Crawled caption data |

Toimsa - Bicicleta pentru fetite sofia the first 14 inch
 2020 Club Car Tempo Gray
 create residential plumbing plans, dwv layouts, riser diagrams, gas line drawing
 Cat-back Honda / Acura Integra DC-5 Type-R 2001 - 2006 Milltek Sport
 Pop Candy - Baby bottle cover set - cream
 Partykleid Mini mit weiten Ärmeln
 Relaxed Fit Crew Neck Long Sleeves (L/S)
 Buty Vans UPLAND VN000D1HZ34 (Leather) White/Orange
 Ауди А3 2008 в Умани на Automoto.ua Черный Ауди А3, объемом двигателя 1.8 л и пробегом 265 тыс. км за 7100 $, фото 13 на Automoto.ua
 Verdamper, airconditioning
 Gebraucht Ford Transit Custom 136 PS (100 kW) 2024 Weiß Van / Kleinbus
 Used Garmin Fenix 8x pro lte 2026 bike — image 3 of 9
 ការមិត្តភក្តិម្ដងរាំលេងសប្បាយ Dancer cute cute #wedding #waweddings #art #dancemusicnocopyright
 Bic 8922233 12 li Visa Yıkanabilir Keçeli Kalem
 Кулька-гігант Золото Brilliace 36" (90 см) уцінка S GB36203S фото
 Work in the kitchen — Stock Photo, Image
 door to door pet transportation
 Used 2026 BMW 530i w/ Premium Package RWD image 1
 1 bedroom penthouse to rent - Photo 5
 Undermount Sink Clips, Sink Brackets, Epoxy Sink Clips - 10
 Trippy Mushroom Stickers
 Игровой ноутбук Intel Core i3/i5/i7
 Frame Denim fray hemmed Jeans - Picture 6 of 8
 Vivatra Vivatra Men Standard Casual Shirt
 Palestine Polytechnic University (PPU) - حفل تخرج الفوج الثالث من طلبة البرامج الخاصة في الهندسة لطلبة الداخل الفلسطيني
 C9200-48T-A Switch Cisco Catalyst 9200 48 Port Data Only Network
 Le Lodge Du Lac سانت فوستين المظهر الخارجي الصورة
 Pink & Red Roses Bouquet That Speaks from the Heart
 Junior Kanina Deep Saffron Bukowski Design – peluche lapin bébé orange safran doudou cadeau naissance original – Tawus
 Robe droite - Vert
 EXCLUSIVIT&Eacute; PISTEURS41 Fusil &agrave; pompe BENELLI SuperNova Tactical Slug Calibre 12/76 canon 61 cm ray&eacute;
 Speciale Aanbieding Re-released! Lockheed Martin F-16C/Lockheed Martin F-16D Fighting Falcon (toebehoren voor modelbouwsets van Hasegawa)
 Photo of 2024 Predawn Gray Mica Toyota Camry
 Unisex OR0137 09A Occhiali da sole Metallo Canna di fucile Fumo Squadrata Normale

TASK DETAILS |
Please repeat every record above word for word.

ANSWER TO THIS TASK |
Toimsa - Bicicleta pentru fetite sofia the first 14 inch
 2020 Club Car Tempo Gray
 create residential plumbing plans, dwv layouts, riser diagrams, gas line drawing
 Cat-back Honda / Acura Integra DC-5 Type-R 2001 - 2006 Milltek Sport
 Pop Candy - Baby bottle cover set - cream
 Partykleid Mini mit weiten Ärmeln
 Relaxed Fit Crew Neck Long Sleeves (L/S)
 Buty Vans UPLAND VN000D1HZ34 (Leather) White/Orange
 Ауди А3 2008 в Умани на Automoto.ua Черный Ауди А3, объемом двигателя 1.8 л и пробегом 265 тыс. км за 7100 $, фото 13 на Automoto.ua
 Verdamper, airconditioning
 Gebraucht Ford Transit Custom 136 PS (100 kW) 2024 Weiß Van / Kleinbus
 Used Garmin Fenix 8x pro lte 2026 bike — image 3 of 9
 ការមិត្តភក្តិម្ដងរាំលេងសប្បាយ Dancer cute cute #wedding #waweddings #art #dancemusicnocopyright
 Bic 8922233 12 li Visa Yıkanabilir Keçeli Kalem
 Кулька-гігант Золото Brilliace 36" (90 см) уцінка S GB36203S фото
 Work in the kitchen — Stock Photo, Image
 door to door pet transportation
 Used 2026 BMW 530i w/ Premium Package RWD image 1
 1 bedroom penthouse to rent - Photo 5
 Undermount Sink Clips, Sink Brackets, Epoxy Sink Clips - 10
 Trippy Mushroom Stickers
 Игровой ноутбук Intel Core i3/i5/i7
 Frame Denim fray hemmed Jeans - Picture 6 of 8
 Vivatra Vivatra Men Standard Casual Shirt
 Palestine Polytechnic University (PPU) - حفل تخرج الفوج الثالث من طلبة البرامج الخاصة في الهندسة لطلبة الداخل الفلسطيني
 C9200-48T-A Switch Cisco Catalyst 9200 48 Port Data Only Network
 Le Lodge Du Lac سانت فوستين المظهر الخارجي الصورة
 Pink & Red Roses Bouquet That Speaks from the Heart
 Junior Kanina Deep Saffron Bukowski Design – peluche lapin bébé orange safran doudou cadeau naissance original – Tawus
 Robe droite - Vert
 EXCLUSIVIT&Eacute; PISTEURS41 Fusil &agrave; pompe BENELLI SuperNova Tactical Slug Calibre 12/76 canon 61 cm ray&eacute;
 Speciale Aanbieding Re-released! Lockheed Martin F-16C/Lockheed Martin F-16D Fighting Falcon (toebehoren voor modelbouwsets van Hasegawa)
 Photo of 2024 Predawn Gray Mica Toyota Camry
 Unisex OR0137 09A Occhiali da sole Metallo Canna di fucile Fumo Squadrata Normale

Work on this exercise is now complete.